No matter the season, my kids love to eat ice cream. My 6 year old has a hard time eating most fruits. She is fine with veggies, but for some reason, she can’t handle fruit. I have come to learn that it is mostly a texture issue for her. She will drink a smoothie with any kind of fruit in it, or eat a homemade popsicle with fruit in it, but a plain piece of fruit she struggles with. So combining the nutrition of fruit with the delicious appeal of ice cream is a winner at my house. This homemade pineapple coconut ice cream is smooth, refreshing and a great treat even if you can’t eat dairy!
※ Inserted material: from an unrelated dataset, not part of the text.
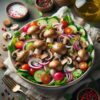 🍄 Рецепты салатов с грибами на зиму: создаем идеальную закуску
My favorite thing about making homemade ice cream, is how few ingredients you need. This pineapple coconut ice cream has only 3 ingredients. Frozen pineapple, frozen bananas, and coconut milk. Dairy free ice cream!!! Plus the cleanup is super fast because you only use a food processor! I’m sure you could make it in a blender, I just haven’t tried it. You can buy fresh pineapple and freeze it, or if it is available I buy the frozen pineapple chunks from Costco. As a side note – I have a few other recipes with coconut milk on the site. My favorite brand is the Thai Kitchen brand. For some reason I feel like the coconut cream separates from the milk better and that is the part that gives these recipes the really creamy texture. Add your ingredients to a food processor and pulse until they begin to combine and become smooth. Turn it on and let it blend until you get a smooth creamy texture.
If you like a more soft serve texture, serve it up immediately. If you like a more icy formed texture, put it in a container and freeze until it hardens up a bit. This takes about 20-30 minutes.
This homemade ice cream is really yummy on its own, but I think it would also be good topped with toasted coconut, or homemade hot fudge. Mmmmmm. Definitely a tropical treat however you serve it!